Look below for lines that hold the string "Hello" and copy each one.

-- INFORMATION GIVEN --
━━━
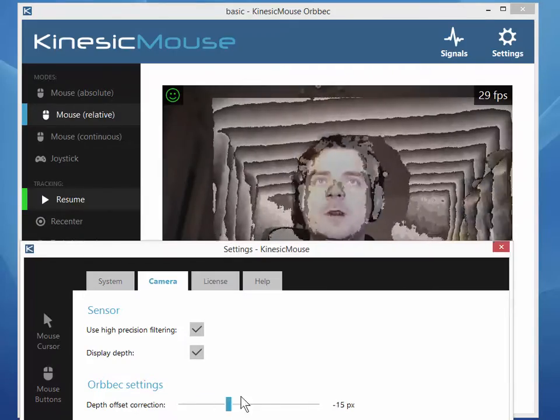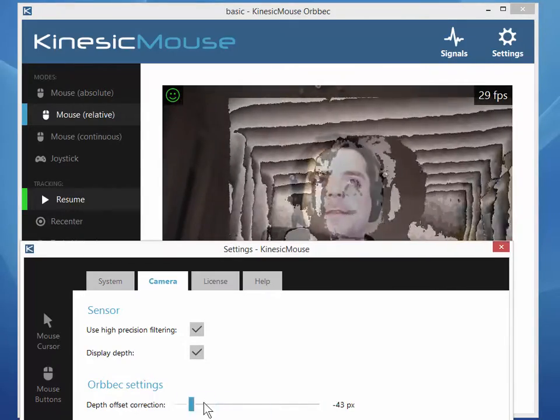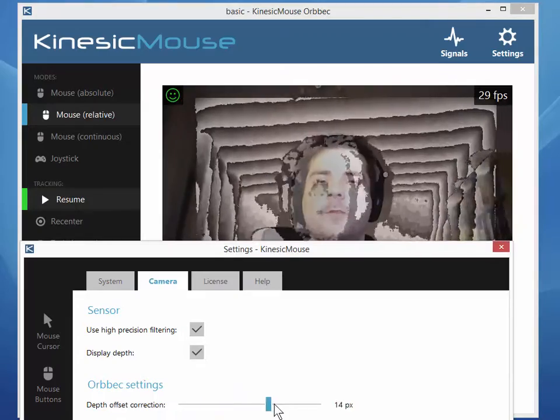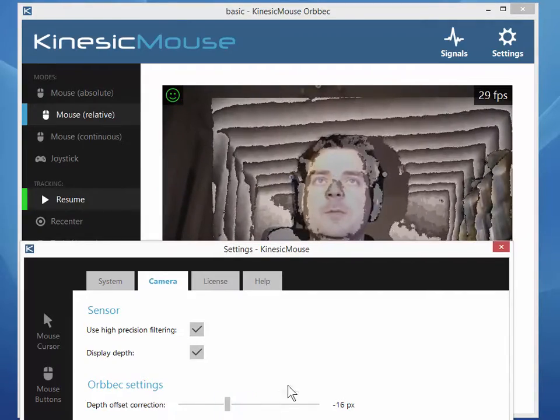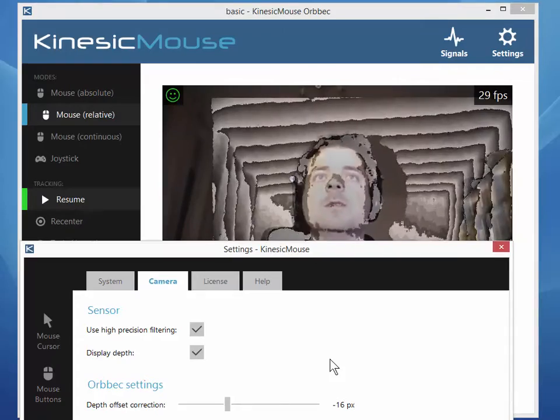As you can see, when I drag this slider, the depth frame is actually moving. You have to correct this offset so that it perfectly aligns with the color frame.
━━━
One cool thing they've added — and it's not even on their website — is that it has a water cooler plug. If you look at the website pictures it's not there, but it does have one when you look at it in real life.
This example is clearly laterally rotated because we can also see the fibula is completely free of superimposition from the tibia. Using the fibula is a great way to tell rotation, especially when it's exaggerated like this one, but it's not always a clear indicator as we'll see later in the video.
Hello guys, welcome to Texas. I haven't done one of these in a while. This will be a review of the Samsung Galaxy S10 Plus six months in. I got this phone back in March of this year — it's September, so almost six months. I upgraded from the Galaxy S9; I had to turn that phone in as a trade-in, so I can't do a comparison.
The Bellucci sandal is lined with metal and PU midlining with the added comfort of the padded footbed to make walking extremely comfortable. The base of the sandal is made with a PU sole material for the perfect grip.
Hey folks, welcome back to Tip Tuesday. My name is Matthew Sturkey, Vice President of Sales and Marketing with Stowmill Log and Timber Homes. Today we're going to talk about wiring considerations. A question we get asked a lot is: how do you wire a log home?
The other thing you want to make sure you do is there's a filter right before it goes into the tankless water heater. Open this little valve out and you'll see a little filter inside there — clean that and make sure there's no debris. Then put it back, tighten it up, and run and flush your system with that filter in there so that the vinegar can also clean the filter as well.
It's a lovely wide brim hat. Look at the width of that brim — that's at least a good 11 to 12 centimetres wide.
━━━
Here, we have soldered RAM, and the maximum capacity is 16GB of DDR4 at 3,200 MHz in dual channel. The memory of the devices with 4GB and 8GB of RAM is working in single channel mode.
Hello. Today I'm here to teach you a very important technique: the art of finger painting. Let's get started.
━━━
-- EXERCISE OUTPUT --
Hello guys, welcome to Texas. I haven't done one of these in a while. This will be a review of the Samsung Galaxy S10 Plus six months in. I got this phone back in March of this year — it's September, so almost six months. I upgraded from the Galaxy S9; I had to turn that phone in as a trade-in, so I can't do a comparison.
Hello. Today I'm here to teach you a very important technique: the art of finger painting. Let's get started.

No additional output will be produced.